*PROBLEM STATEMENT:*
Everything from the line with "Аккумулятор батарея на" to the end of the entries should be set down exactly, except the pictures.
====== PROVIDED DATA
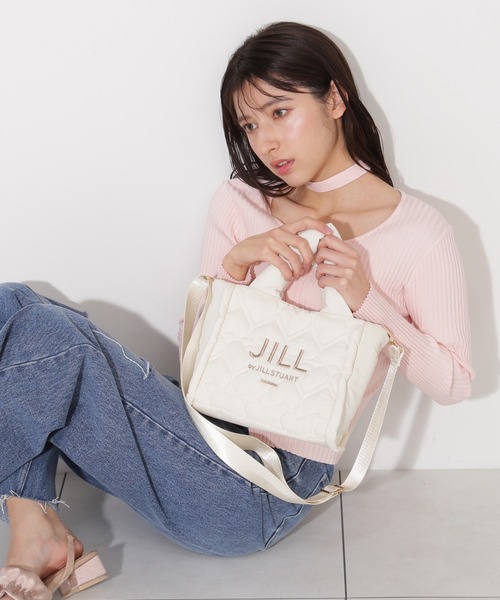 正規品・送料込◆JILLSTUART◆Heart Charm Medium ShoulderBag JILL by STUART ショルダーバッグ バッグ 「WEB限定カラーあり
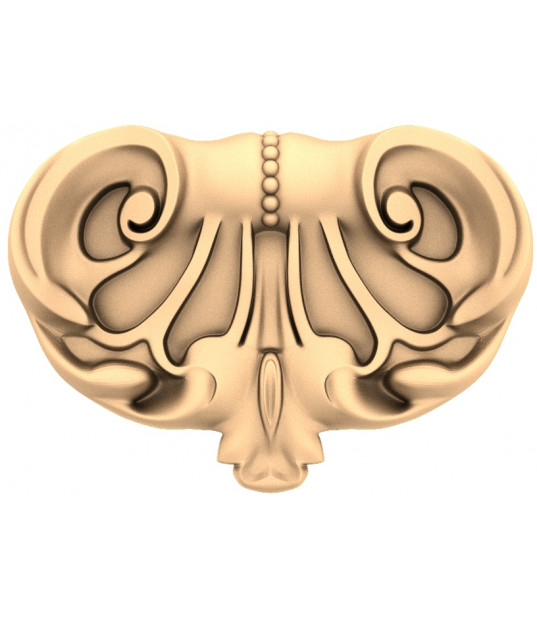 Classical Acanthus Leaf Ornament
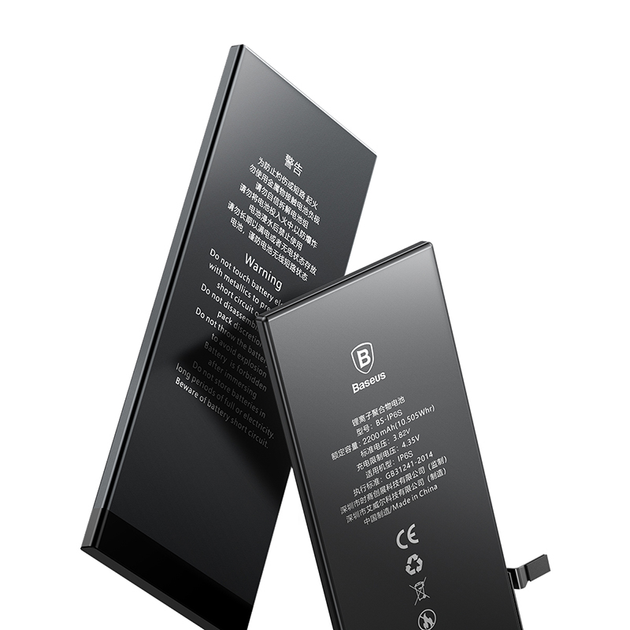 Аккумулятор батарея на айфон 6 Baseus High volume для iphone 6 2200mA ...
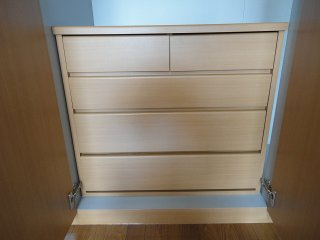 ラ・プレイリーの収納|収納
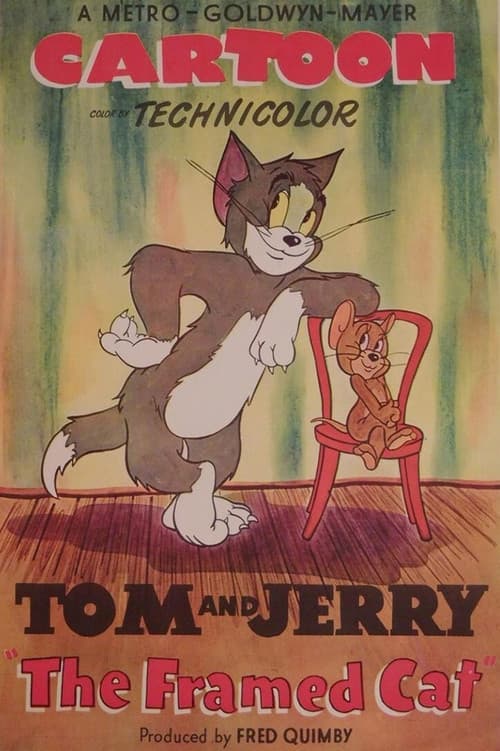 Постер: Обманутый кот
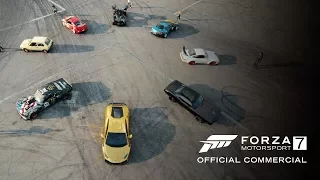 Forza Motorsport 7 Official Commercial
============
*EXERCISE SOLUTION:*
 Аккумулятор батарея на айфон 6 Baseus High volume для iphone 6 2200mA ...
 ラ・プレイリーの収納|収納
 Постер: Обманутый кот
 Forza Motorsport 7 Official Commercial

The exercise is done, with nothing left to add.